The result is Vice News’s astonishing internet footage of life behind enemy lines. The Vice reporter Medyan Dairieh was embedded with Isis as it took control of the city of Raqqa in Syria. This unprecedented access has been broadcast online as a five-part mini-series over the past week, ten minutes each, leaving the rest of the West’s media clambering to catch up. The BBC admitted defeat, and broadcast Vice’s immersive footage on Newsnight, while the Daily Mail interviewed Dairieh. A safer option, they must have sensed, than sending one of their own reporters out to join the jihadis. With scoop after scoop, Vice is making other television reports from the Middle East and Ukraine look hackneyed. Its videos may fail every rule in the BBC impartiality book, but they are brilliantly edited and, often, utterly compelling. Vice News has found young, fearless foreign correspondents to serve a youthful audience who are bored stiff by traditional outlets but are quite prepared to watch videos on their mobile phones.
You get the sense that Dairieh’s film shows Isis in the way that they’d like to be portrayed. Crucifixions, kids brandishing Kalashnikovs, beheadings, joy-riding in tanks — the documentary veers between the terrifying and the absurd. Vice won’t say what restraints Isis imposed on them, but the experience of other journalists working in the caliphate suggests they would have been strict censors.
The Vice videos pump out Isis’s threatening messages. A jihadi is filmed saying that, if Turkey continues to hold water in the Euphrates river via the Atatürk Dam, Isis will ‘liberate Turkey’. Later, a Belgian jihadi prompts his son to shout that he wants to ‘kill infidels’. Abu Mosa, the Islamic State’s head of press, has a starring role. Balanced reporting this ain’t.

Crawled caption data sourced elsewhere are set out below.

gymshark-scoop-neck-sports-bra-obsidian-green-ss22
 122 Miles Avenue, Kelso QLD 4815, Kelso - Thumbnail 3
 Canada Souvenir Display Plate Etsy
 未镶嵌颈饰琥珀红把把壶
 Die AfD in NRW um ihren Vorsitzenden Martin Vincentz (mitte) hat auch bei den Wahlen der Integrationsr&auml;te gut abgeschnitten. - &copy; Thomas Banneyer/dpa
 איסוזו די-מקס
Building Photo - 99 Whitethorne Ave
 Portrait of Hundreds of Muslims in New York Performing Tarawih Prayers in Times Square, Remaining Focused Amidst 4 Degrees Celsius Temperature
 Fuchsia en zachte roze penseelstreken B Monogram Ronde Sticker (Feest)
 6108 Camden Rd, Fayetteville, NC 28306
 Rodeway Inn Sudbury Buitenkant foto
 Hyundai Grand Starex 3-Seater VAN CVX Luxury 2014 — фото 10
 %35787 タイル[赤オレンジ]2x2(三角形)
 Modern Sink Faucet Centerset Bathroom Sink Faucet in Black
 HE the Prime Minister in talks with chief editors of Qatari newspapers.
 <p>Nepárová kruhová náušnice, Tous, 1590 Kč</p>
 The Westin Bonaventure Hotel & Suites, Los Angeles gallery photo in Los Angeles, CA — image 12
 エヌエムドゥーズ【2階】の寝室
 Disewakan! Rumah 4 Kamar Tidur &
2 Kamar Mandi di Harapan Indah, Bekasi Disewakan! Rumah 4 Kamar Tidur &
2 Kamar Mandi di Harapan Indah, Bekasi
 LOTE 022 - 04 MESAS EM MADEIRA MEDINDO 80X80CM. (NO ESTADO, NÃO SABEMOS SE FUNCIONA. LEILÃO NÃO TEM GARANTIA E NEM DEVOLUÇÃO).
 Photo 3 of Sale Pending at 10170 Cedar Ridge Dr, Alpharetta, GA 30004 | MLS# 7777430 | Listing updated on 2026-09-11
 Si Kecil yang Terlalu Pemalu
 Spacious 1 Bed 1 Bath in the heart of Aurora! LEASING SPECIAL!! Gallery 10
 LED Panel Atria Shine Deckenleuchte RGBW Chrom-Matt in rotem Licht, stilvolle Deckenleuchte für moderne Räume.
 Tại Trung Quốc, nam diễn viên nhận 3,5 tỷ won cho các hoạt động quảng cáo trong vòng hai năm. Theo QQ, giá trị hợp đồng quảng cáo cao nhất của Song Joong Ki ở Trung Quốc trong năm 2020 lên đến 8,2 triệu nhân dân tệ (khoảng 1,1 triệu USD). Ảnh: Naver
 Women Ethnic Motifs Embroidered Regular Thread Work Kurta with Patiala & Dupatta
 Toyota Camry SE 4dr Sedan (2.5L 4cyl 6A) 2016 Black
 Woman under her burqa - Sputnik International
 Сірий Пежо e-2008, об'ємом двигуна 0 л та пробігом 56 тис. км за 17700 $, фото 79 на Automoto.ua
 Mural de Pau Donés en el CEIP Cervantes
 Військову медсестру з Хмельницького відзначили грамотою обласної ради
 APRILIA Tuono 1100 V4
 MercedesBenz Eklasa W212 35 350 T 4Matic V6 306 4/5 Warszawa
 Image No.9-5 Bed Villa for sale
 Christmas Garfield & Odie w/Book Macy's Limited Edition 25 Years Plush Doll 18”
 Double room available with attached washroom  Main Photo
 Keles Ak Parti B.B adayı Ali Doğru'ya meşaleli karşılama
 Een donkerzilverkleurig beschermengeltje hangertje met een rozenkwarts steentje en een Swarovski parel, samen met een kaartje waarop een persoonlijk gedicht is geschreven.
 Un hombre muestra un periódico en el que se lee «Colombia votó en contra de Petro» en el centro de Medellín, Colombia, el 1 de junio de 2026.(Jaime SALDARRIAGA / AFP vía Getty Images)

Still, Vice has gone where no other media company has managed: into the heart of the Islamic State. As a result, the two organisations have formed a bizarre symbiotic relationship. Both are youth-focused, both have global ambitions and both have a pioneering spirit. Even their black-and-white branding is similar. It is a delicious irony, though, that Isis should choose Murdoch-funded Vice News as its principal media partner. Vice’s oeuvre includes ‘The Vice Guide To Sex’ and a guide to the ‘all-alcohol diet’. Hardly Sharia-friendly stuff. Perhaps western news outlets all look the same from the dusty plains of the caliphate. Or maybe Isis aren’t nearly as clued up as we think they are. Either way, Vice News has produced the most compelling coverage of this new war so far.